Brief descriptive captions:
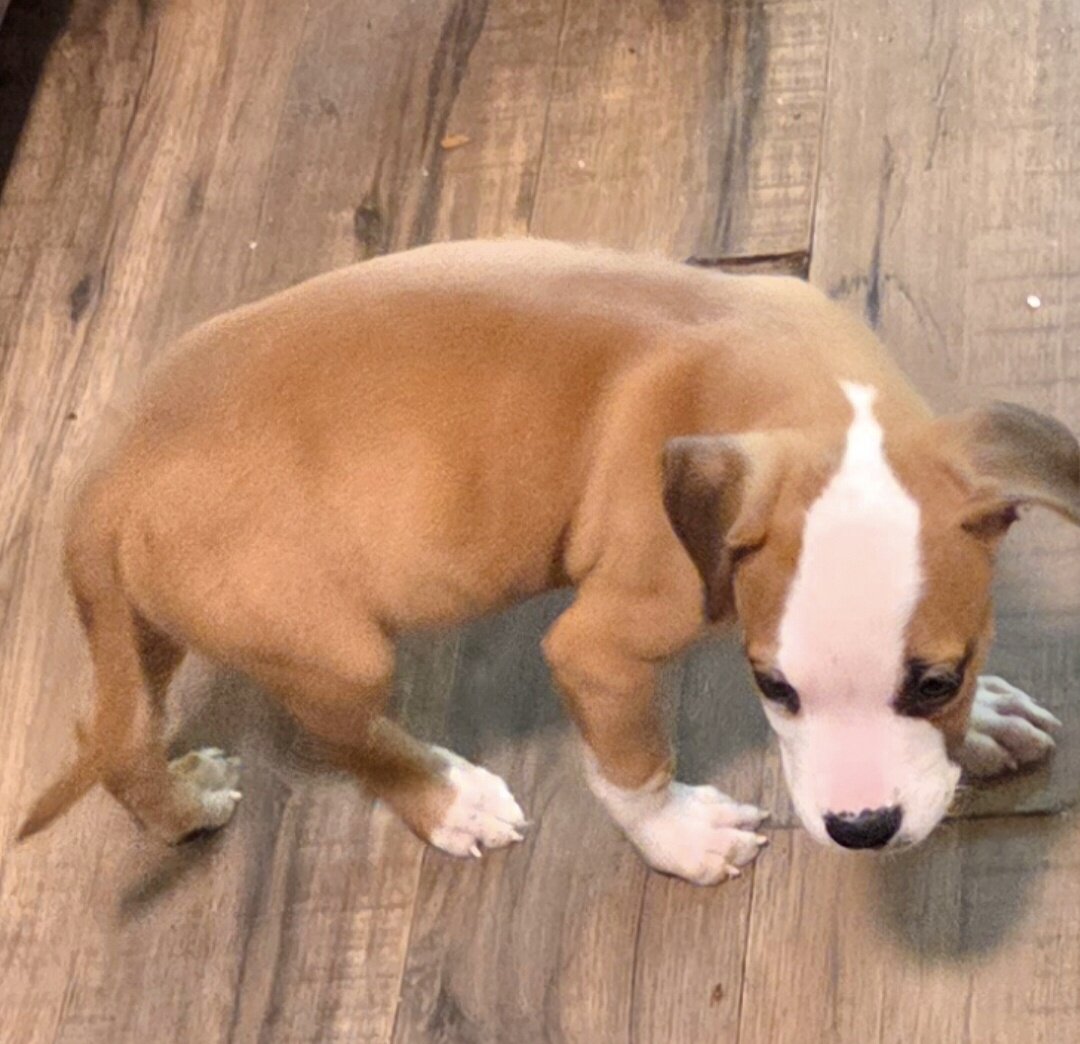 Adorable pit bull puppy image 3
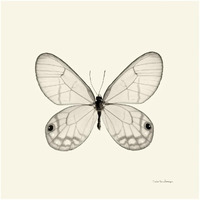 Butterfly I - BW -Paper Art-20"x20"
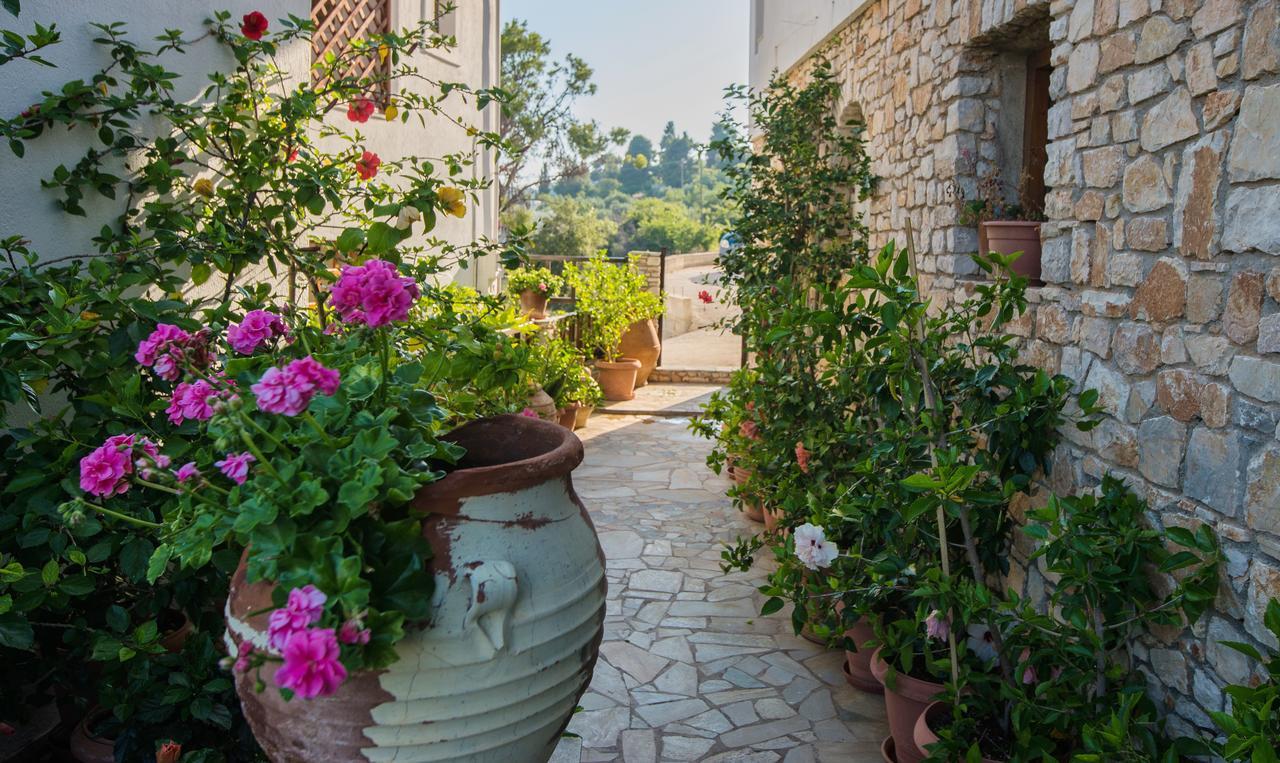 Pension Andromeda Патитири Экстерьер фото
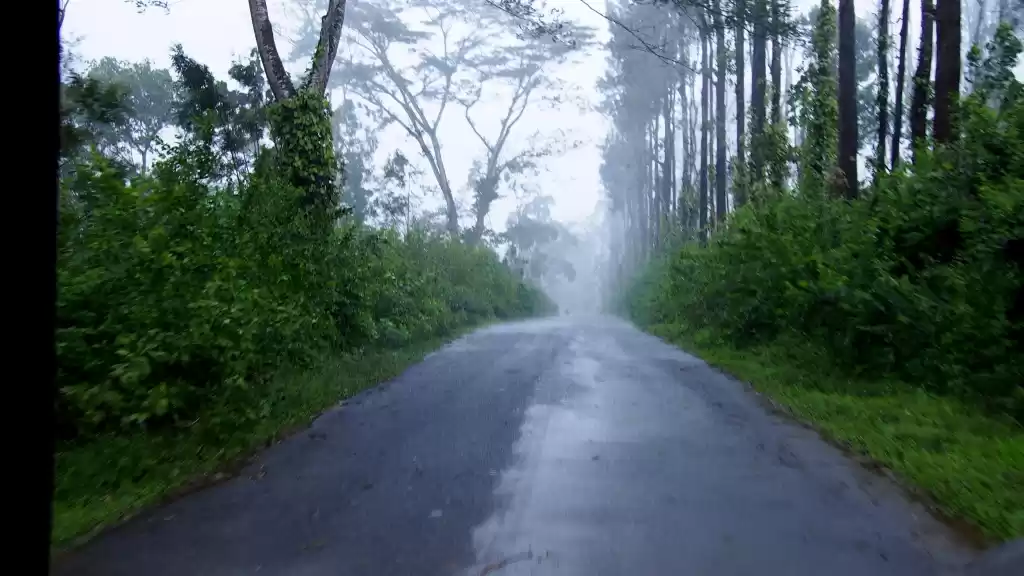 Photo of Through the mystic r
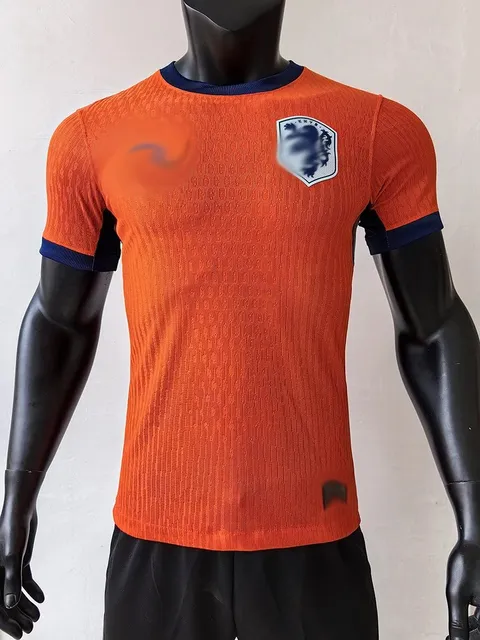 Nike Home Jersey KNVB Lion Crest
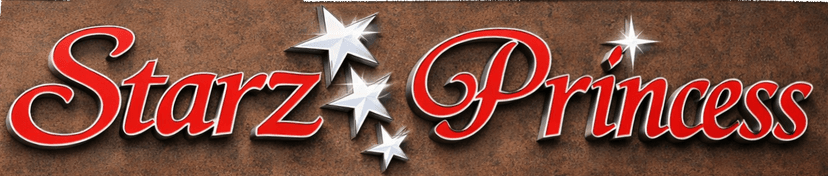 Starz Princess Banquet Hall in Ozone Park, Queens, NY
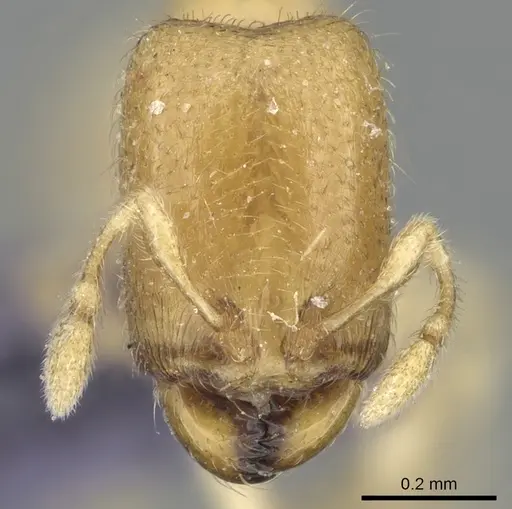 Carebara rectangulata specimen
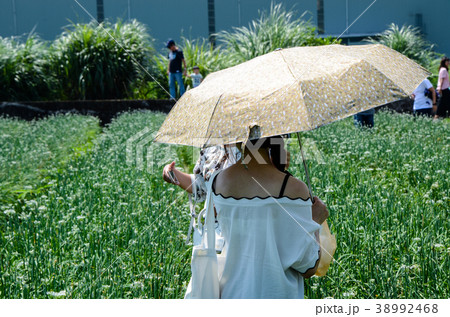 チャイブ 浅葱 あさつき 38992468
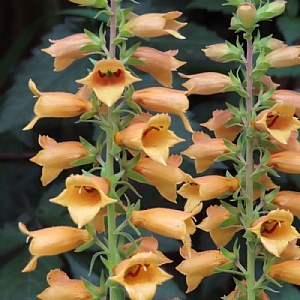Digitalis x valinii 'Firecracker'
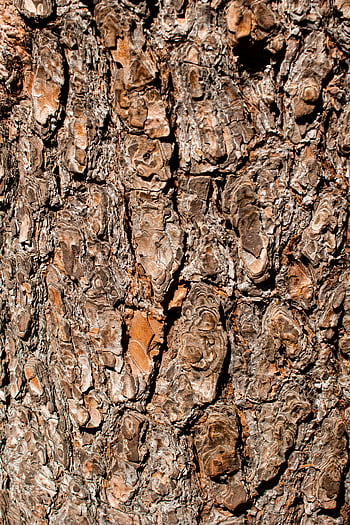 木の幹、 クローズアップ写真、 頑丈な木の樹皮、 複雑なテクスチャ、 自然なパターン、 木の樹皮のテクスチャー、 クローズアップ自然、 ツリーバーククローズアップ、 詳細な樹皮、 自然な風合い、 樹皮のパターン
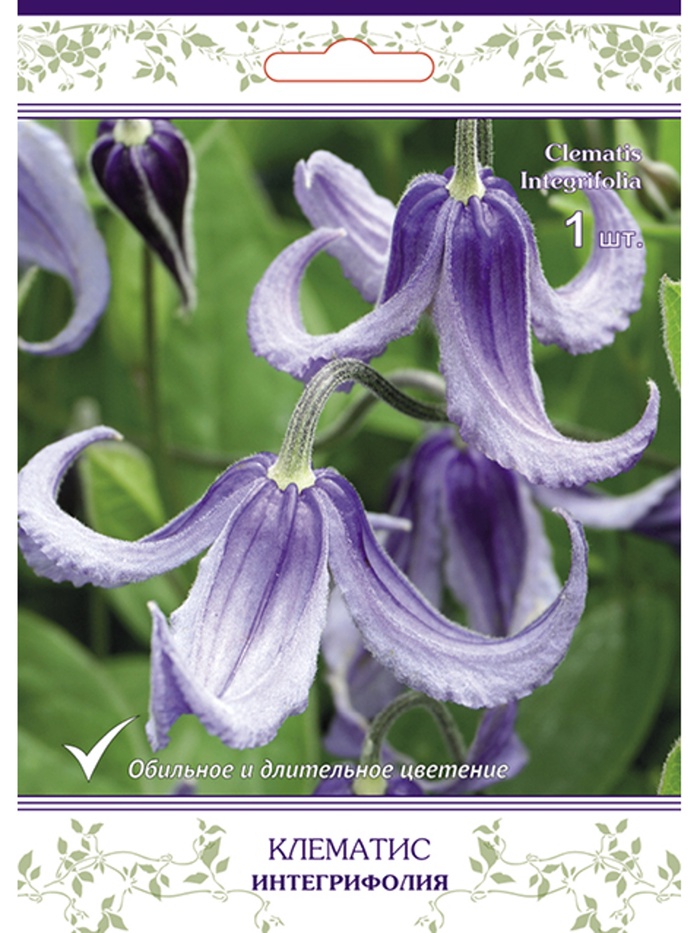 Клематис цельнолистный (капер) Интегрифолия 1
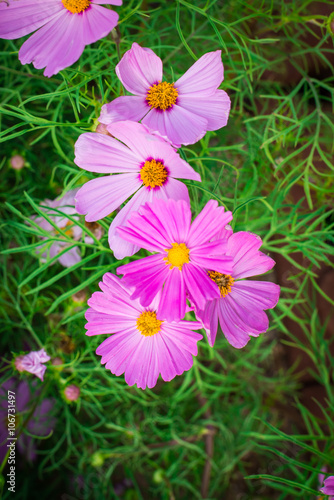 Closeup on cosmos flowers.Beautiful flowers in the garden.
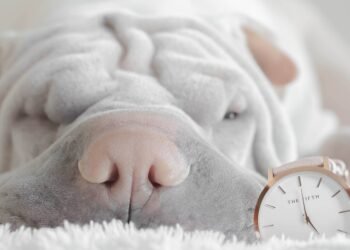 Paw Protection: The Ultimate Guide to Dog Boots for Happy and Healthy Paws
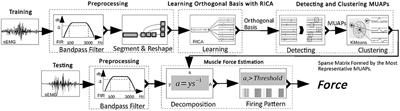 One-Channel Surface Electromyography Decomposition for Muscle Force Estimation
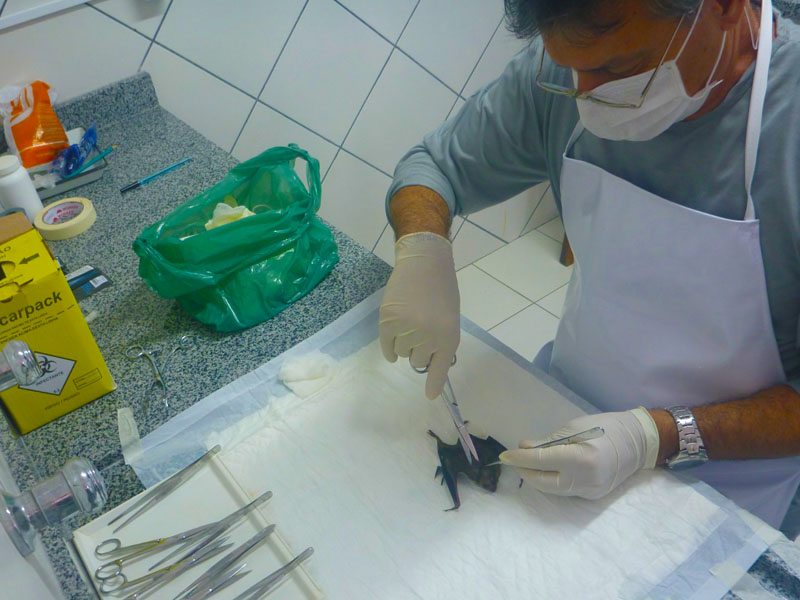 Profissional com EPI completo realizando avaliação técnica de animal capturado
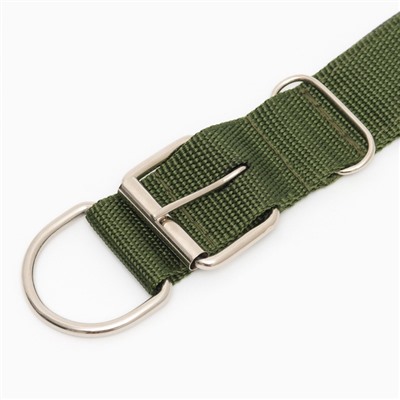 Ошейник «Комфорт», 60×4 см, ОШ 44-54 см, комбинированный, полиэстер, искусственная кожа, зелёный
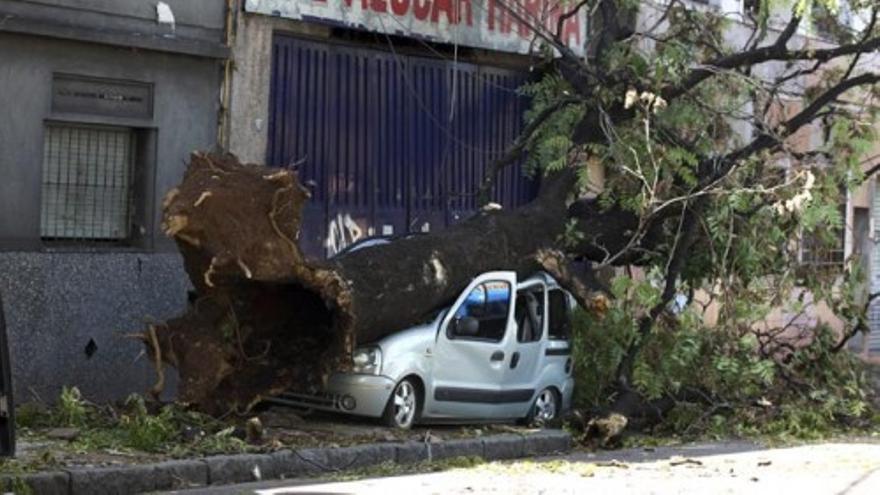 Un fuerte temporal provoca la muerte de 14 personas en Buenos Aires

▶ _WORK TO COMPLETE_: Nothing is needed beyond an exact transcription of the lines from the one containing "искусственная кожа, зелёный" to the end of the entries above, with the pictures omitted.

▶ _ANSWER TO THIS PROBLEM_:
 Ошейник «Комфорт», 60×4 см, ОШ 44-54 см, комбинированный, полиэстер, искусственная кожа, зелёный
 Un fuerte temporal provoca la muerte de 14 personas en Buenos Aires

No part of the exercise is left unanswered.